Every record should be copied exactly, except that pictures are to be omitted.

# Pictures with short captions
* * * * * * * * *
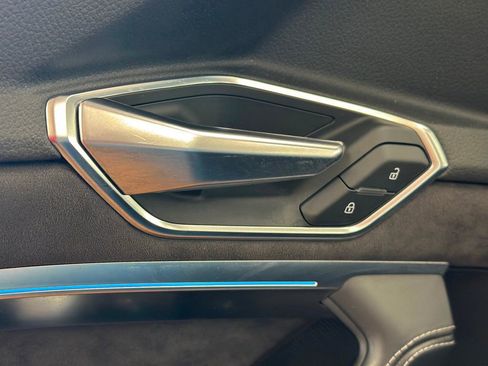 Used 2019 Audi e-tron Prestige w/ Prestige Package image 21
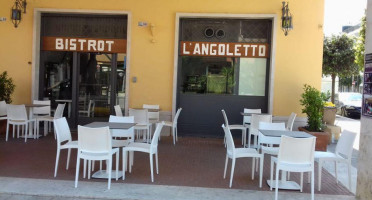 Bistrot L'angoletto outside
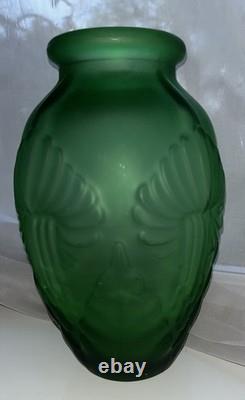 Art Deco Emerald Green Glass Vase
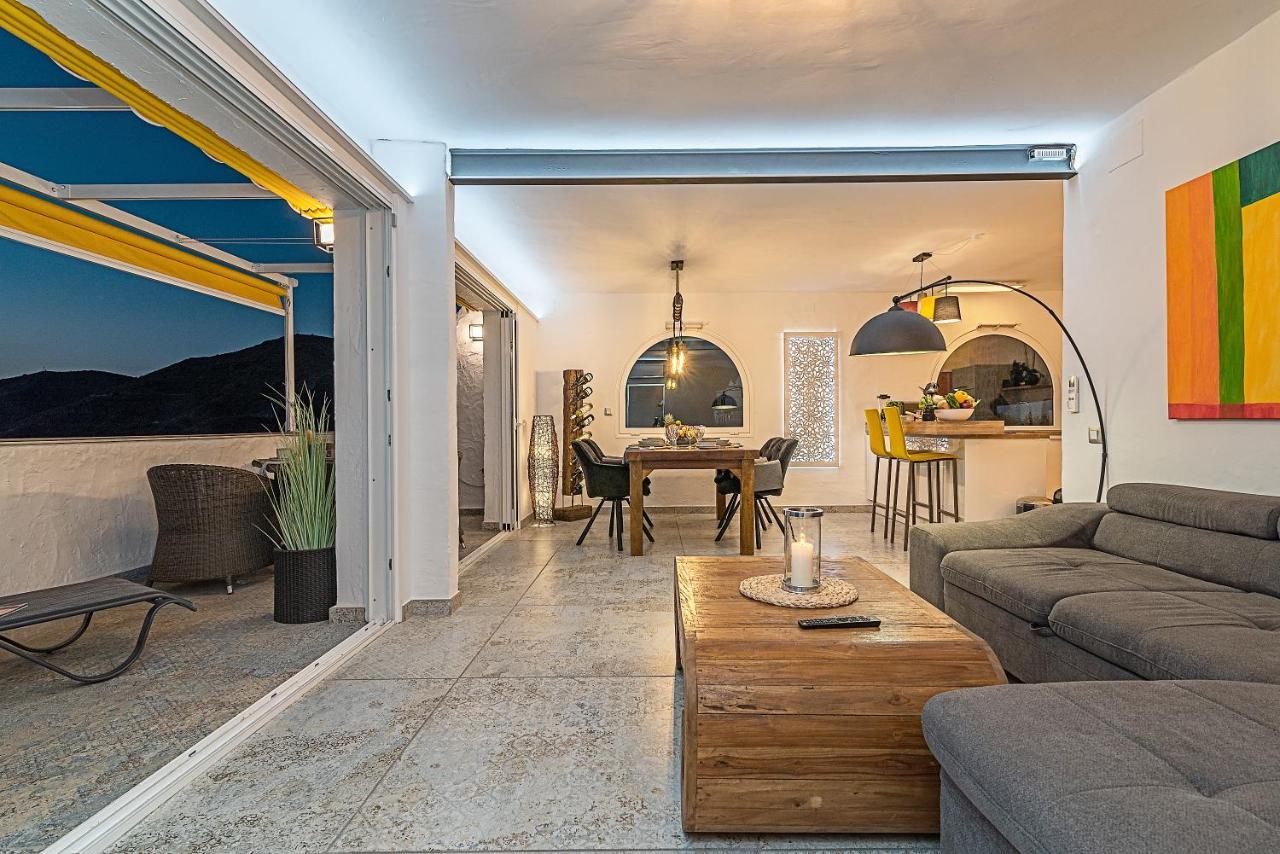 Mogan Luxury Apartment, Sea Views, Jacuzzi And Sauna. Kültér fotó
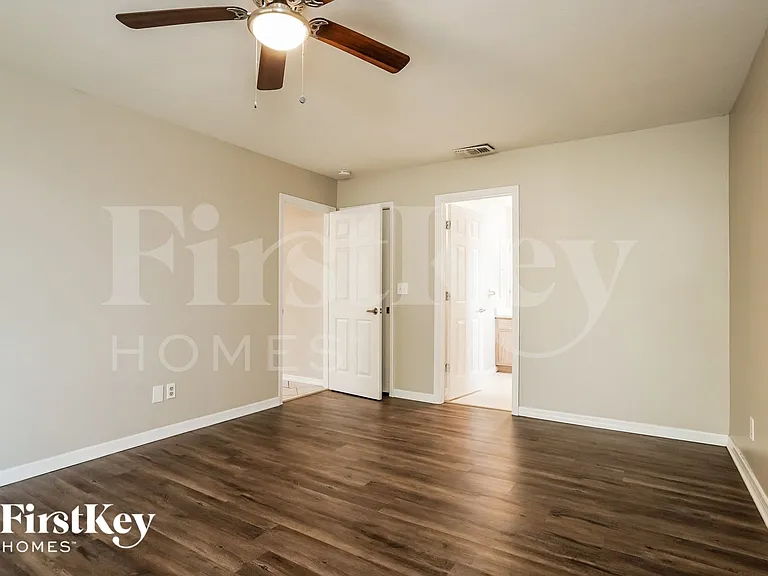 17420 Duquesne Rd — Photo 10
* * * * * * * * *
# Response below
 Used 2019 Audi e-tron Prestige w/ Prestige Package image 21
 Bistrot L'angoletto outside
 Art Deco Emerald Green Glass Vase
 Mogan Luxury Apartment, Sea Views, Jacuzzi And Sauna. Kültér fotó
 17420 Duquesne Rd — Photo 10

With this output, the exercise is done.